## Problem
Only the pictures are to be dropped; the rest of the data below is to be duplicated exactly.

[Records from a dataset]
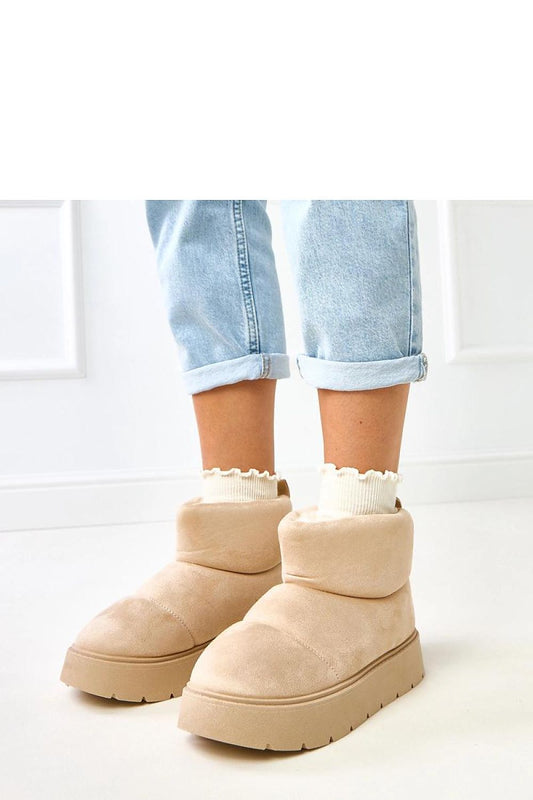 Luxurious women's ankle snow boots by Solea featuring soft fur lining and elegant design, perfect for winter style.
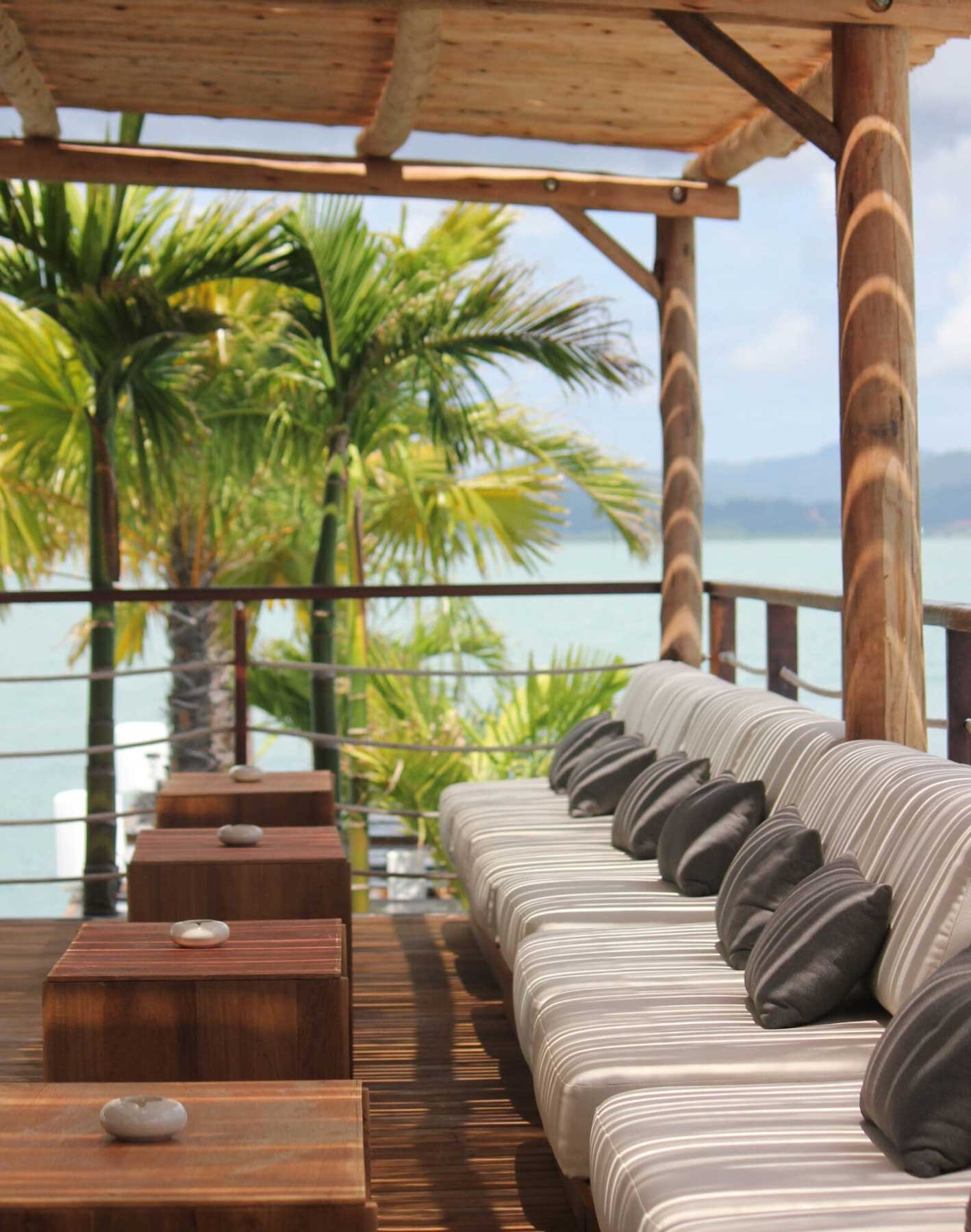 Lounge terrace with sea view under a bamboo roof
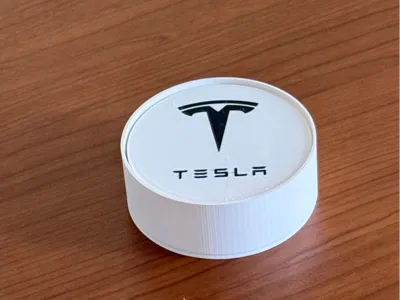 Coasters with Tesla logo and container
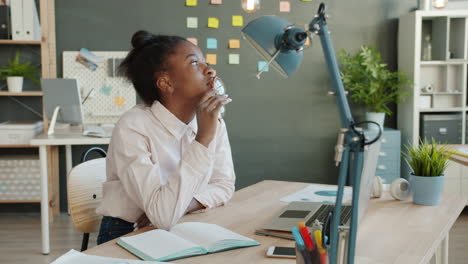 young woman in office thinking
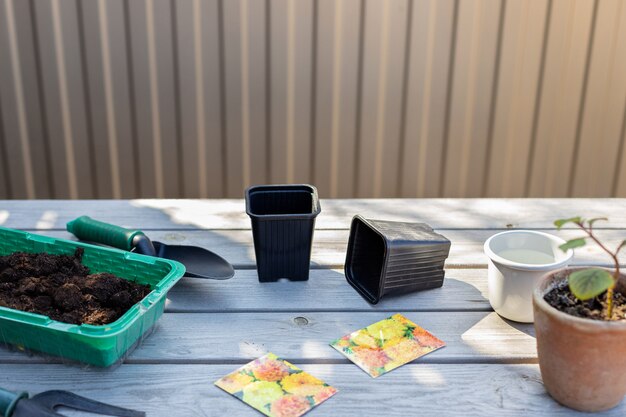 Photo preparation for planting flower seeds garden tools, seedling pots, soil on a wooden table in the backyard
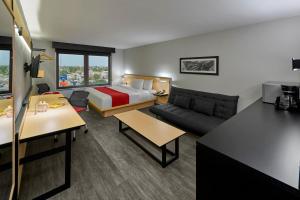 a hotel room with a bed and a couch at City Express by Marriott Monterrey Aeropuerto in Monterrey +46 photos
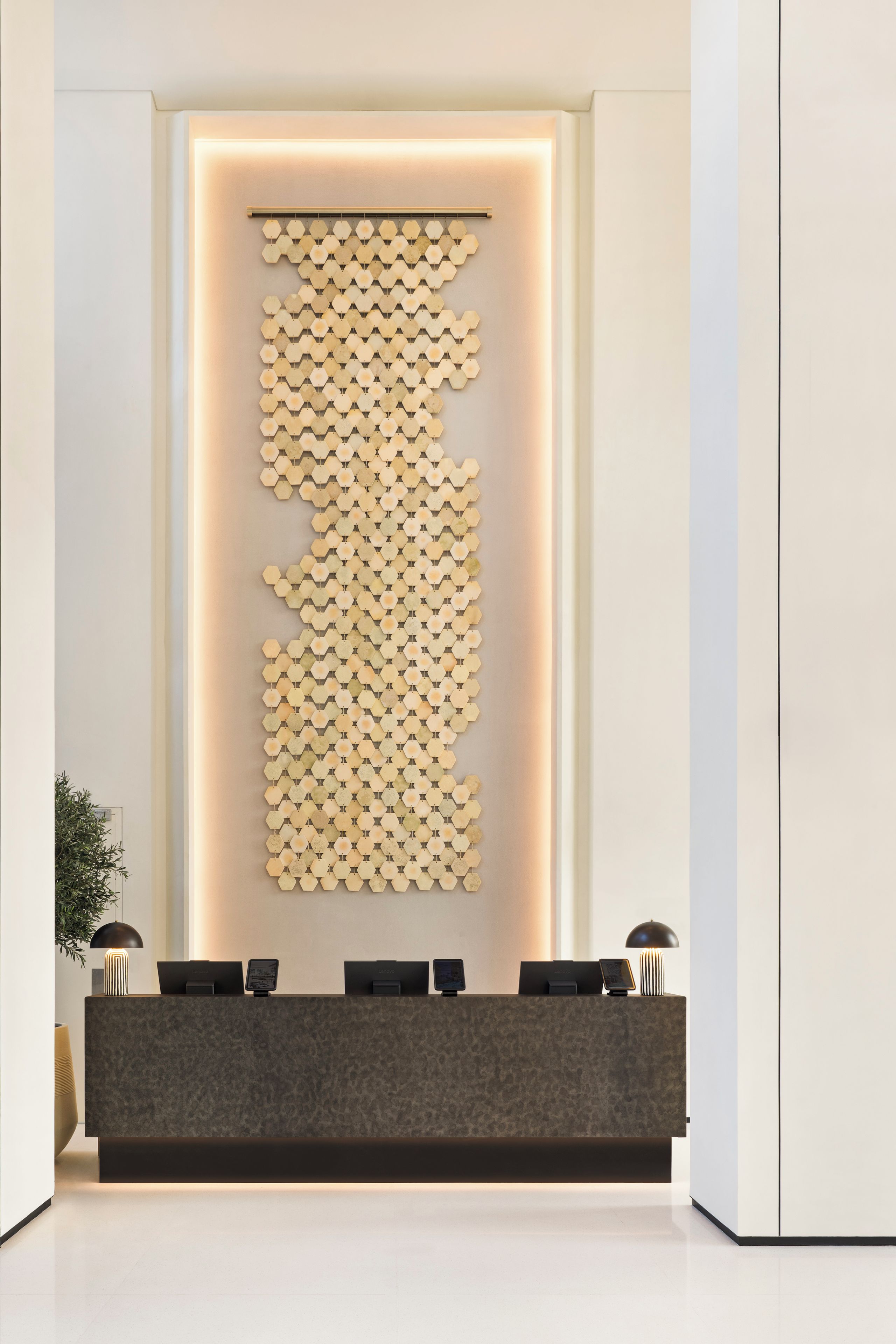 Un comptoir d’accueil au design moderne, agrémenté d’un motif hexagonal mural et caractérisé par une esthétique minimaliste.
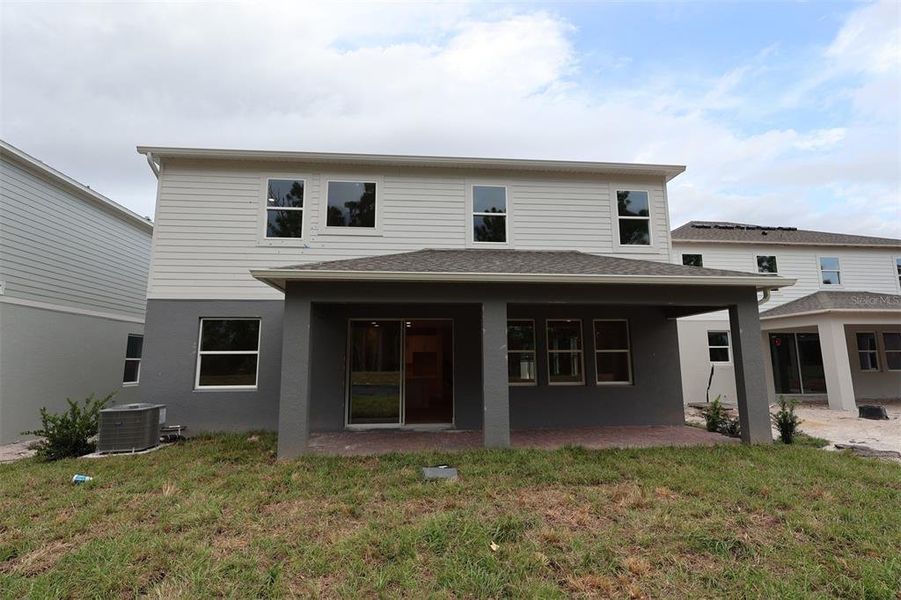 Exterior details and patio area of a home in Eden at Crossprairie, St. Cloud (Image 3).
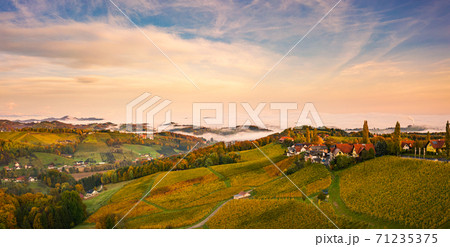 South styria vineyards landscape, near Gamlitz, Grape hills view from wine road in autumn. 71235375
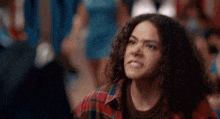a woman with curly hair wearing a plaid shirt is making a funny face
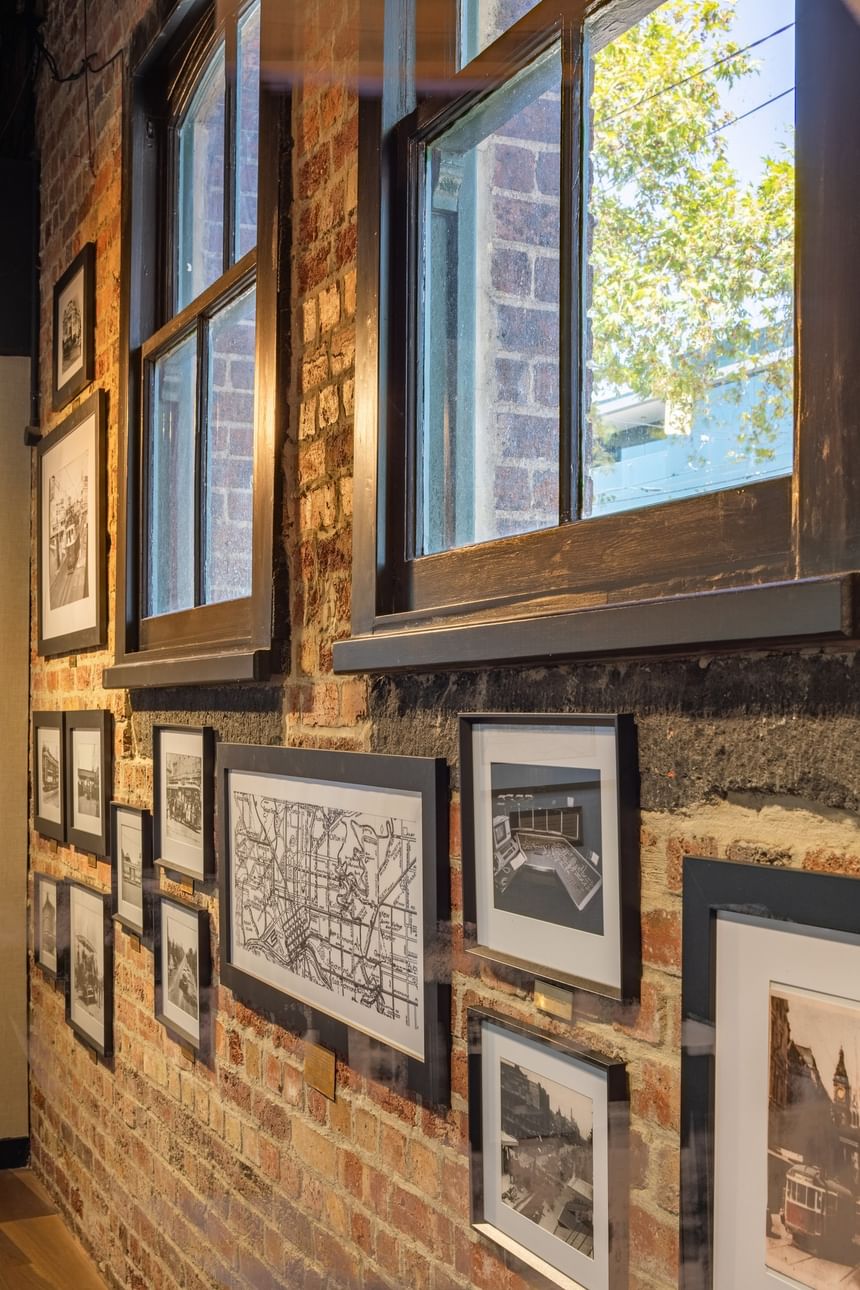 Exposed brick wall with framed black and white photographs and two windows at Amora Herencia Riverwalk Melbourne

## Task answer
 Luxurious women's ankle snow boots by Solea featuring soft fur lining and elegant design, perfect for winter style.
 Lounge terrace with sea view under a bamboo roof
 Coasters with Tesla logo and container
 young woman in office thinking
 Photo preparation for planting flower seeds garden tools, seedling pots, soil on a wooden table in the backyard
 a hotel room with a bed and a couch at City Express by Marriott Monterrey Aeropuerto in Monterrey +46 photos
 Un comptoir d’accueil au design moderne, agrémenté d’un motif hexagonal mural et caractérisé par une esthétique minimaliste.
 Exterior details and patio area of a home in Eden at Crossprairie, St. Cloud (Image 3).
 South styria vineyards landscape, near Gamlitz, Grape hills view from wine road in autumn. 71235375
a woman with curly hair wearing a plaid shirt is making a funny face
 Exposed brick wall with framed black and white photographs and two windows at Amora Herencia Riverwalk Melbourne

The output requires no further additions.